# **How to Choose the Right Text Splitter for Your RAG Design**

## **Introduction**

In the world of natural language processing (NLP) and document processing, splitting text into smaller, manageable chunks is a critical step for tasks like embedding generation, semantic search, summarization, and more. The choice of text-splitting method can significantly impact the quality of downstream applications. This article explores three powerful text-splitting classes from the `langchain-text-splitters` library: **`RecursiveCharacterTextSplitter`**, **`MarkdownHeaderTextSplitter`**, and **`SentenceTransformersTokenTextSplitter`**. Each of these tools is designed for specific use cases, offering unique features and capabilities. Through practical examples, we’ll demonstrate how to use these classes effectively and highlight their strengths.
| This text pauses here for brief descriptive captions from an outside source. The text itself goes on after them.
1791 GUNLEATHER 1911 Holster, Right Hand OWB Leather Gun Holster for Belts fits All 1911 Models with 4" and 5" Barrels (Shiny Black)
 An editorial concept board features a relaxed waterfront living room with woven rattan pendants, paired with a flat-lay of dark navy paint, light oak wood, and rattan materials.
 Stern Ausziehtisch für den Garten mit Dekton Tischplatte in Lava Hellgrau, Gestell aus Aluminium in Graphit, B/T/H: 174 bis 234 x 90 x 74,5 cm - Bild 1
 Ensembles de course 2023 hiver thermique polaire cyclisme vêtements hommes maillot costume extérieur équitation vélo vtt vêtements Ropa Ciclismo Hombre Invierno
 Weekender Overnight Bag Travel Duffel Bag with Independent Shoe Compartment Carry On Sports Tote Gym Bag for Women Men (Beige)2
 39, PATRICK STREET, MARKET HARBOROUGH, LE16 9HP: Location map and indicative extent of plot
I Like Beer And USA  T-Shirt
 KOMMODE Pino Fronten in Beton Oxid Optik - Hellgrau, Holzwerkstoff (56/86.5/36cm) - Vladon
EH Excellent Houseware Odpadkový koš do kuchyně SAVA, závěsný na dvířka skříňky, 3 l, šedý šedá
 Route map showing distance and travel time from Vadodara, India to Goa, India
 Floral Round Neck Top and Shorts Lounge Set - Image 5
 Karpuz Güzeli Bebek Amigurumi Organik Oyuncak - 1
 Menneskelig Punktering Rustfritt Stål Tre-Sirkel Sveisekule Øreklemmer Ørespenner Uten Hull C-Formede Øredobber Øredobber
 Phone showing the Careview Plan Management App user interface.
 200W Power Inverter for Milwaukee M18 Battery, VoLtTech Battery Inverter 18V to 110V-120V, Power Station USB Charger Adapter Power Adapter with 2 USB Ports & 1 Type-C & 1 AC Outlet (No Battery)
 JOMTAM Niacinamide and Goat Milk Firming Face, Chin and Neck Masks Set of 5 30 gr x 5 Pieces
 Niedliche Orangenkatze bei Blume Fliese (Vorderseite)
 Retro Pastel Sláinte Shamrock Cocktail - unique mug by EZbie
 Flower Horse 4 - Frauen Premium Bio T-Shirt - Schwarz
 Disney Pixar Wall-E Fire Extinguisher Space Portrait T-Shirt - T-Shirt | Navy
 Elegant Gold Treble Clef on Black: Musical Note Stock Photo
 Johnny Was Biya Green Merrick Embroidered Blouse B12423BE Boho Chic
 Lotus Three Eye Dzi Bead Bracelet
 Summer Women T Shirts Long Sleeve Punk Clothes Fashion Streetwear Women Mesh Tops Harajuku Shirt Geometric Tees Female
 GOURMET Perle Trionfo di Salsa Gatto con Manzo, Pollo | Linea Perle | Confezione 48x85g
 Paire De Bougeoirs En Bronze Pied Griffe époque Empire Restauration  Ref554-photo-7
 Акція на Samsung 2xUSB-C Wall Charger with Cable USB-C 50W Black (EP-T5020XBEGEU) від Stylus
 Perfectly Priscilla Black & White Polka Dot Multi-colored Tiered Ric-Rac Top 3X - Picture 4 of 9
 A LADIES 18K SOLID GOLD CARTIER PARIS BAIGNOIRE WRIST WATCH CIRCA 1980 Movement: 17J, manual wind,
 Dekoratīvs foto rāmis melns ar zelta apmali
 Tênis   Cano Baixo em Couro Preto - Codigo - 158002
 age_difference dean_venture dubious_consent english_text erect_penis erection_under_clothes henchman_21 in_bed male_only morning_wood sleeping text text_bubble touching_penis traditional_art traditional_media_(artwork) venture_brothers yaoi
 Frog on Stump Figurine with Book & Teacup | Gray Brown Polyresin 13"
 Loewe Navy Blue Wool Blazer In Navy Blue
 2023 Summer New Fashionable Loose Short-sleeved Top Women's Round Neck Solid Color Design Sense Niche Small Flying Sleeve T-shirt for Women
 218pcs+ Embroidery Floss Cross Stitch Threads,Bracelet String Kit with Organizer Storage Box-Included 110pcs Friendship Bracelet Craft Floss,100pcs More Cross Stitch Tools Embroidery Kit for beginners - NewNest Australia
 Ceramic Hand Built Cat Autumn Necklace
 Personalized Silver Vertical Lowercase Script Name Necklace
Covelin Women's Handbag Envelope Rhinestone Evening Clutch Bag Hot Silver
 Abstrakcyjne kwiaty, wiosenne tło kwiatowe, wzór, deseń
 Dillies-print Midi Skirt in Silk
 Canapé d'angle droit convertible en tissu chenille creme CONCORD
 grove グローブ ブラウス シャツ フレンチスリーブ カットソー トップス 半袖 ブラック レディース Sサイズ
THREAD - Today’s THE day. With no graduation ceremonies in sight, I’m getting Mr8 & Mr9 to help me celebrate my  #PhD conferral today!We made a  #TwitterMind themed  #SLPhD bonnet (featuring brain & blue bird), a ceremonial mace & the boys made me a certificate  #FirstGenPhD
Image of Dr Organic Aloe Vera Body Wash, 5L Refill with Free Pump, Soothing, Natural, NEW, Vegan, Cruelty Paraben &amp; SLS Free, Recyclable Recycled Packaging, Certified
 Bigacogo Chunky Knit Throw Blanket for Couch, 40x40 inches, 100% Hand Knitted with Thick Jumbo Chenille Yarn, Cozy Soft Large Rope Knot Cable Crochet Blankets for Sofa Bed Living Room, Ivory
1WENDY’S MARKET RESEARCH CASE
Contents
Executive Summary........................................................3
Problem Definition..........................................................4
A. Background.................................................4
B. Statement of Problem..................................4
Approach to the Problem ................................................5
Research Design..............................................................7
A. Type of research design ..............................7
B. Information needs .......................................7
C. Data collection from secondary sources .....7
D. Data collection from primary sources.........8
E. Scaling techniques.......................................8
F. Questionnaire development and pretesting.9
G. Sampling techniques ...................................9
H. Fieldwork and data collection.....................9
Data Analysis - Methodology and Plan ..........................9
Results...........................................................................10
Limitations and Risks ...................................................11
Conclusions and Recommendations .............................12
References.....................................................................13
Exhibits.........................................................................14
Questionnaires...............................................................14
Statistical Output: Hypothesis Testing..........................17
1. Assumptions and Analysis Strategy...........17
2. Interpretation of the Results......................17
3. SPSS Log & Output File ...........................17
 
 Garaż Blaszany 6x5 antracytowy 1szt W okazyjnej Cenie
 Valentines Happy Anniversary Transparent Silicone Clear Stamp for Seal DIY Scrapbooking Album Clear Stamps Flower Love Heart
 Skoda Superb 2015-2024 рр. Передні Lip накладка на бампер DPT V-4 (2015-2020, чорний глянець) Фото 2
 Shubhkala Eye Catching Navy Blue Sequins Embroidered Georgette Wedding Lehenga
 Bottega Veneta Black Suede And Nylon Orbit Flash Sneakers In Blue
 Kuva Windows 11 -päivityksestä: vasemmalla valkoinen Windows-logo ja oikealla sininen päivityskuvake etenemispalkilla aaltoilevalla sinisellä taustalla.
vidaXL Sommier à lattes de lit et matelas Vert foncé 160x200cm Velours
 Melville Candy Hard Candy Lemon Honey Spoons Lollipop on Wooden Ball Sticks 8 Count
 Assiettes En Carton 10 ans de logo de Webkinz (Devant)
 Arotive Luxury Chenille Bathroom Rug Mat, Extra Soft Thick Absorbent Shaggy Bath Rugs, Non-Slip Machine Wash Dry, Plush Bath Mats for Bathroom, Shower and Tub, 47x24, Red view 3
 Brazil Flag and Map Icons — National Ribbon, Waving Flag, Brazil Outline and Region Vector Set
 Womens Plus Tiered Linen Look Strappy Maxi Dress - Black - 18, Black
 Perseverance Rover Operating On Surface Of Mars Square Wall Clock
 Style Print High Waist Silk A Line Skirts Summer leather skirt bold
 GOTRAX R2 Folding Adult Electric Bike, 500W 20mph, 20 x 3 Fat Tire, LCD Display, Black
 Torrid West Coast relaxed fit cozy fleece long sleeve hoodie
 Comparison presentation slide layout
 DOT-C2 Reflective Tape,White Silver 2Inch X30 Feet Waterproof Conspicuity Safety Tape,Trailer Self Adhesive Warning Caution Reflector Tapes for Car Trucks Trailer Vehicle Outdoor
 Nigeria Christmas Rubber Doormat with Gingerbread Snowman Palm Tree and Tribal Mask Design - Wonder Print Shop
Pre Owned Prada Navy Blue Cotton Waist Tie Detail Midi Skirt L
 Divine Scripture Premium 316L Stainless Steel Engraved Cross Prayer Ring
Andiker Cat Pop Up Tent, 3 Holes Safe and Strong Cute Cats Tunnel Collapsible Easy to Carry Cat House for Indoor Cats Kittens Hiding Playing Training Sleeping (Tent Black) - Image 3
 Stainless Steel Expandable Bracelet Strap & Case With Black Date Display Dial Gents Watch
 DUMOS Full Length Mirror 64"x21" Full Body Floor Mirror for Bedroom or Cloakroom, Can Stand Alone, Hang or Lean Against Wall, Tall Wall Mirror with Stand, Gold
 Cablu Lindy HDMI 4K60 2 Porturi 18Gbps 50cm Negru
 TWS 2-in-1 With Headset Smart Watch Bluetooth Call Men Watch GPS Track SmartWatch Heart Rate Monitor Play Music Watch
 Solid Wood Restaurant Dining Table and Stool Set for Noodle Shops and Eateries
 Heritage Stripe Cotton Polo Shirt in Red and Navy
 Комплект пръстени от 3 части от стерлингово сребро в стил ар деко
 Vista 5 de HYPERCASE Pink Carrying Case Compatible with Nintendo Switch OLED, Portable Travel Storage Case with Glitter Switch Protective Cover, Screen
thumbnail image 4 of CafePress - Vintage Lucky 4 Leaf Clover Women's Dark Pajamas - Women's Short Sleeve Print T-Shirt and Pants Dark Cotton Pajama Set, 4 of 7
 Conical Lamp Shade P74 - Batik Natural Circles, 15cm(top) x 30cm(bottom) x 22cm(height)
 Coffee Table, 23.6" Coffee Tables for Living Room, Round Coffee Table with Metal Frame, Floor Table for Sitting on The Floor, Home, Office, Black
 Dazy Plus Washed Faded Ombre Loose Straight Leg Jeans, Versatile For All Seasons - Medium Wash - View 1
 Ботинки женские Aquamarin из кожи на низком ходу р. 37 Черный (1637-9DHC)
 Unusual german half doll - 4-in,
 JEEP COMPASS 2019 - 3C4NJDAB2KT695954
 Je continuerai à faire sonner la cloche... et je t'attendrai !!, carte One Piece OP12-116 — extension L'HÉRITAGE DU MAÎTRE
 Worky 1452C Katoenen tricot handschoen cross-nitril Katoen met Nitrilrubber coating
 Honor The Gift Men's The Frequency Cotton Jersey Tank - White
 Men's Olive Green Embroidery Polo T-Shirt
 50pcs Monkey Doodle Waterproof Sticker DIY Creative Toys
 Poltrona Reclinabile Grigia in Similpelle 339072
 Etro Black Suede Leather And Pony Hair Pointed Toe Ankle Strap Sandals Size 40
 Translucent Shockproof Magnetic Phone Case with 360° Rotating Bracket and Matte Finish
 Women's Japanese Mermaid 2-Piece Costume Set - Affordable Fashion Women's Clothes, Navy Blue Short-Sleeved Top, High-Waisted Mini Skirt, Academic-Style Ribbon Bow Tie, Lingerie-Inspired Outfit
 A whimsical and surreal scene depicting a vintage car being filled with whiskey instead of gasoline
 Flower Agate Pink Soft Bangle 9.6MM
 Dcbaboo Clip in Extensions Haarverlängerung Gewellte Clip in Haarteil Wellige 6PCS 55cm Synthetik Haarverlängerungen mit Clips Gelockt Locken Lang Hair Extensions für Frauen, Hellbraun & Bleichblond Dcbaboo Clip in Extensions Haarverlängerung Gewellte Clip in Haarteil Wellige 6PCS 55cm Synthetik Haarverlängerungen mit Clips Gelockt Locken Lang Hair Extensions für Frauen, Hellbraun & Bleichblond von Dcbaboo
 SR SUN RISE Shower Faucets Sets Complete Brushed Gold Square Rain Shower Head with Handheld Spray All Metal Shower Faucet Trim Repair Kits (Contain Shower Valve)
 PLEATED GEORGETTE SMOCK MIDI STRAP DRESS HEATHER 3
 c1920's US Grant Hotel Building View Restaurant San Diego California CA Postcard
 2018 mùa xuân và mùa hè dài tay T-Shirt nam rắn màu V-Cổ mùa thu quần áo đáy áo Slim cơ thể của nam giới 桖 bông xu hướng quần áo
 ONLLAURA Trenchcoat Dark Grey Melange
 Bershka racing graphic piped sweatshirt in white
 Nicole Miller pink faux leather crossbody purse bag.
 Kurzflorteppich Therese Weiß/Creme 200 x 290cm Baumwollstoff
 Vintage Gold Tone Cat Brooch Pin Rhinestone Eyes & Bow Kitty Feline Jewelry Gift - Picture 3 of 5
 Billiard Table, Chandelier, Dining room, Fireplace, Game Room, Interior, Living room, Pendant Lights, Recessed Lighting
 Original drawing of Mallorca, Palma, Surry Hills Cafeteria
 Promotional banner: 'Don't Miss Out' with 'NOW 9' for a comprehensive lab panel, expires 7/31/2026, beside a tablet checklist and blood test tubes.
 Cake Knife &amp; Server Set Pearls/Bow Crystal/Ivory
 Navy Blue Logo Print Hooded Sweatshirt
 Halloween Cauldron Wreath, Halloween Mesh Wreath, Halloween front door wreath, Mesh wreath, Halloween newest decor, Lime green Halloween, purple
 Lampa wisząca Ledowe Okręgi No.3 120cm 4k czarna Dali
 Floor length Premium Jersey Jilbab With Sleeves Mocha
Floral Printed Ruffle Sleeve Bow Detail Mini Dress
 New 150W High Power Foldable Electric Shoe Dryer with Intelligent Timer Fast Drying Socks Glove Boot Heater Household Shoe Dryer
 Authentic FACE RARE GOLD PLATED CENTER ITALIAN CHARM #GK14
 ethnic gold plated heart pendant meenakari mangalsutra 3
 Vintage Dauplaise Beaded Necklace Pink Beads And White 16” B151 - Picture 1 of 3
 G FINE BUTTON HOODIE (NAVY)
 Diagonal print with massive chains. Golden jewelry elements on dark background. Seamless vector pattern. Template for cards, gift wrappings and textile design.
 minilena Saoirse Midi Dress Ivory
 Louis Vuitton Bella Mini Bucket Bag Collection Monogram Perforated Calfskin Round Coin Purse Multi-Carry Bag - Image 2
Additionally, a comparison table will help you choose the right tool for your needs.

### **Comparison Table**

| Feature/Class                     | RecursiveCharacterTextSplitter       | MarkdownHeaderTextSplitter           | SentenceTransformersTokenTextSplitter |
|-----------------------------------|--------------------------------------|--------------------------------------|----------------------------------------|
| **Primary Use Case**              | General-purpose text splitting       | Splitting Markdown by headers        | Token-based splitting for embeddings   |
| **Splitting Mechanism**           | Recursive splitting by separators    | Header-based splitting               | Tokenization using Sentence Transformers |
| **Customizable Separators**       | Yes                                  | No (headers are predefined)          | No (uses model tokenizer)              |
| **Preserves Document Structure**  | No                                   | Yes (header hierarchy)               | No                                     |
| **Token-Based Splitting**         | No                                   | No                                   | Yes                                    |
| **Chunk Size Control**            | Yes (character-based)                | Yes (header-based)                   | Yes (token-based)                      |
| **Overlap Between Chunks**        | Yes                                  | No                                   | Yes                                    |
| **Best For**                      | General text processing              | Markdown documents                   | Embedding generation, NLP tasks        |

This code block installs two Python libraries, `langchain_community` and `langchain_experimental`, using `pip`. 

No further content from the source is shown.